Have you ever played chess before? It really is a fascinating game.
It has only six types of pieces and each of those pieces have a specific and distinct way to move. First there is the King, the least mobile piece, only moving one square at a time per play. Ironically, the most valuable and least important piece of the game. All five pieces are his protectors, yet he is practically immobile, thus leaving him almost useless. One of his protectors is the Rook, who has slightly more mobility by moving horizontally or vertically. Then there is the Bishop, who moves diagonally through the board. The Knight, the most unique, operates in an "L" formation, attacking his opponents by jumping over others. The Pawn, the most underrated, has the most complicated movement, having the option to move forward one square or two and only attacking diagonally. My favorite, the Queen, has the most power on the board because she is able to move in any direction she pleases.
During my stay in Vegas, I recently played a poorly hybrid game of chess and slots. I lost, but that isn't really the point to my story, or is it? Anyway, playing that game got me thinking about how much life can be like a a game of chess. Or at least, I'll go with just my life. There is always something in my life that is this "valuable, invaluable piece" that I feel the need to have or protect or save. This piece holds me back and makes me play odd moves.
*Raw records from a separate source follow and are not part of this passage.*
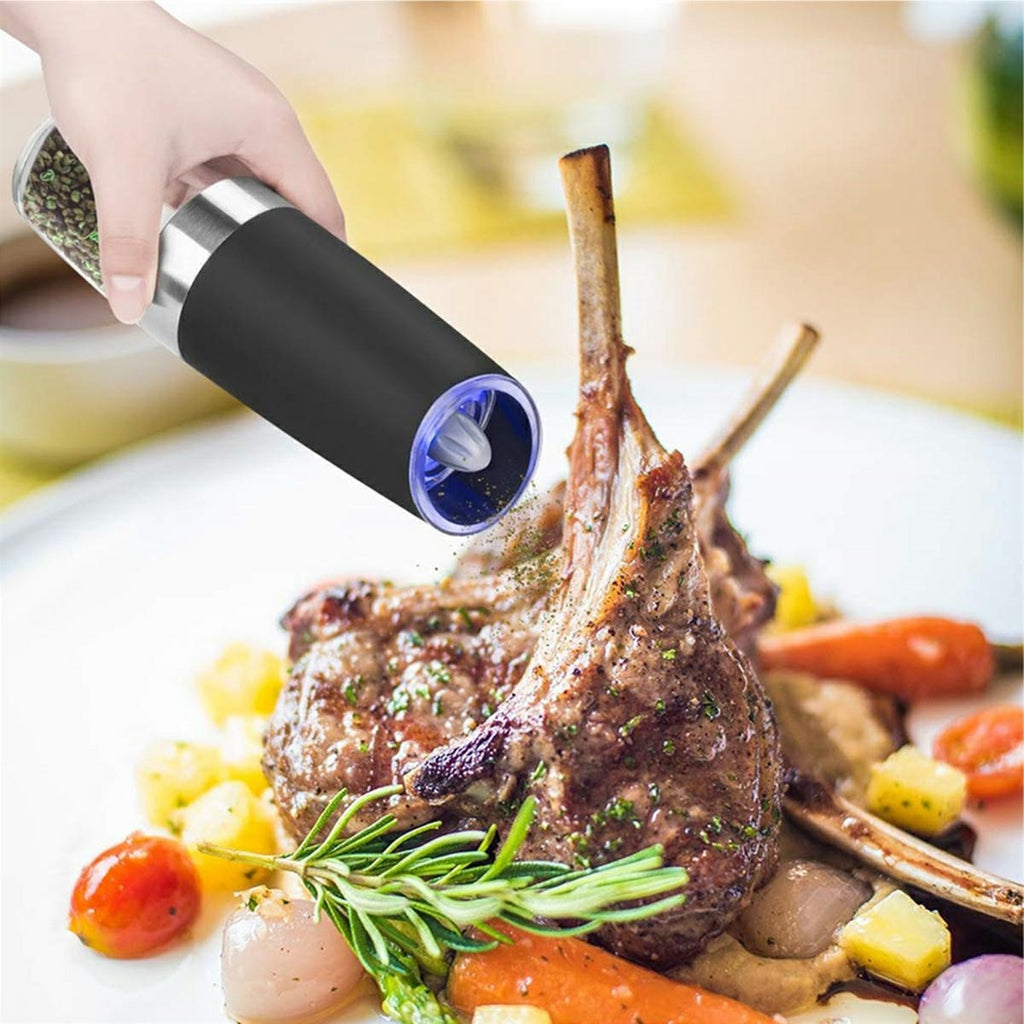 Pipirų ir druskos malūnėlis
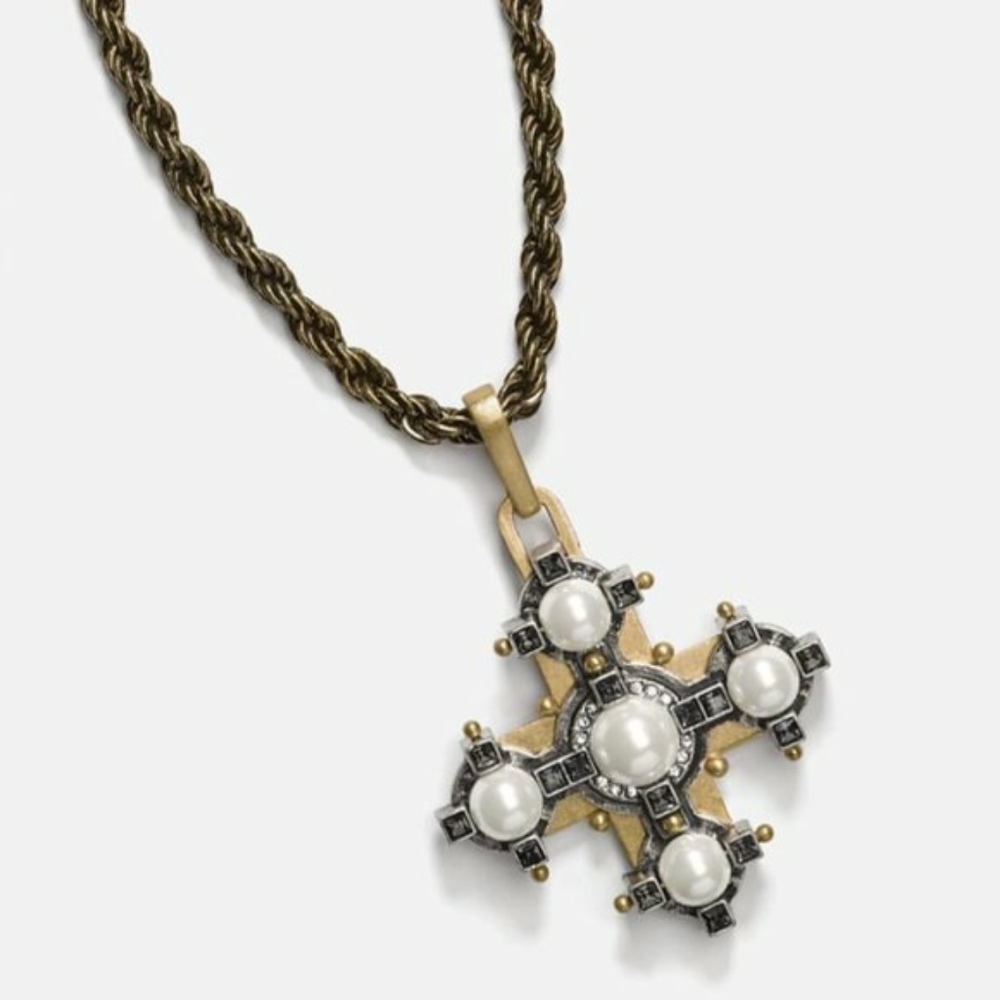 Cabi Braclet and Necklace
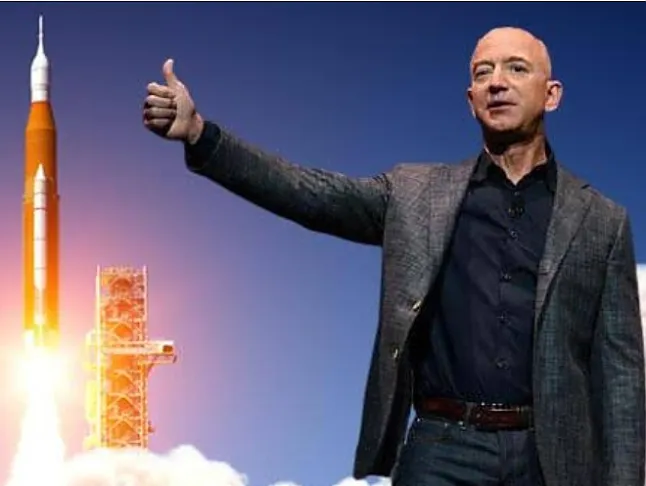 Jeff Bezos Uzaya Nasıl Uçacak ?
Though I hold high value for it, it's immobile. It's as dormant as it can get, and I hate stagnancy. Yet here I am, always being the Pawn. I'm not even cool enough to be the Knight or the Bishop. I'm the one with the complex moves that go unnoticed, the one that people get rid of first, the one that allowed people to walk all over me.
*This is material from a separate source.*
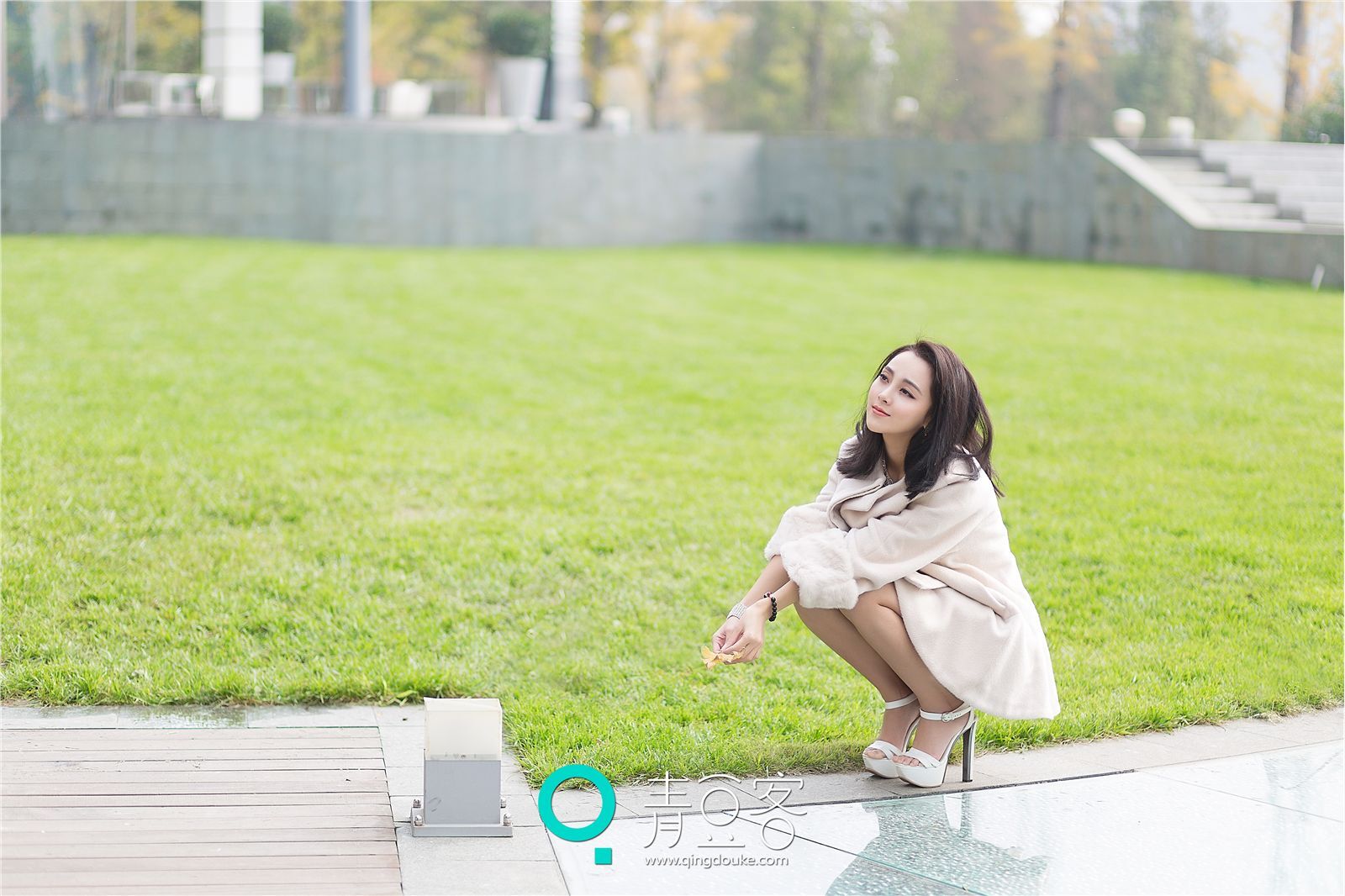 [QingDouKe青豆客]2015.01.05 梁晶莹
2014 was the hardest year of my life. I let the game take over, and I lost. I lost my friends, I lost respect, and I lost the only person I have ever loved, but the worst thing I lost was myself. I became stagnant. I didn't grow for myself, I grew for other people. I moved for other players. I really did become the Pawn. I'm not entirely sure when I realized I needed to take advantage of my complexity and really begin to move forward, but I eventually did. After losing so much, there is really only two options: stay frozen, or continue to move. So I moved, gradually, and I started to play the game for myself. When I did this, I noticed the confidence build in me, I felt the pain ease, I started to find myself again, and I started to believe. I'm not the Pawn anymore, because now I am the Queen.
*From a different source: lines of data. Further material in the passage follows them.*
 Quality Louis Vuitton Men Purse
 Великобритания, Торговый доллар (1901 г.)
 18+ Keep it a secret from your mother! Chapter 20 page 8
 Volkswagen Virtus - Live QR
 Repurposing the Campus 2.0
It is only the first month in the new year, but I already know 2015 is going to be incredible. I've already been moving at unbelievable speeds that have taken me to places I never thought I would go and that is because I live by a new motto. Making a move is required.
If you want to dominate, moving is a necessity and I want to share every move, every play that I make because I'm not playing for anyone else anymore. I'm playing for me. For the first time in my life, I'm going to be the Queen and move in any direction I please. So get ready for obscure, foolish, embarrassingly, entertaining stories because they are coming!
I believe this is the time when I would hit the clock and say, "Checkmate!"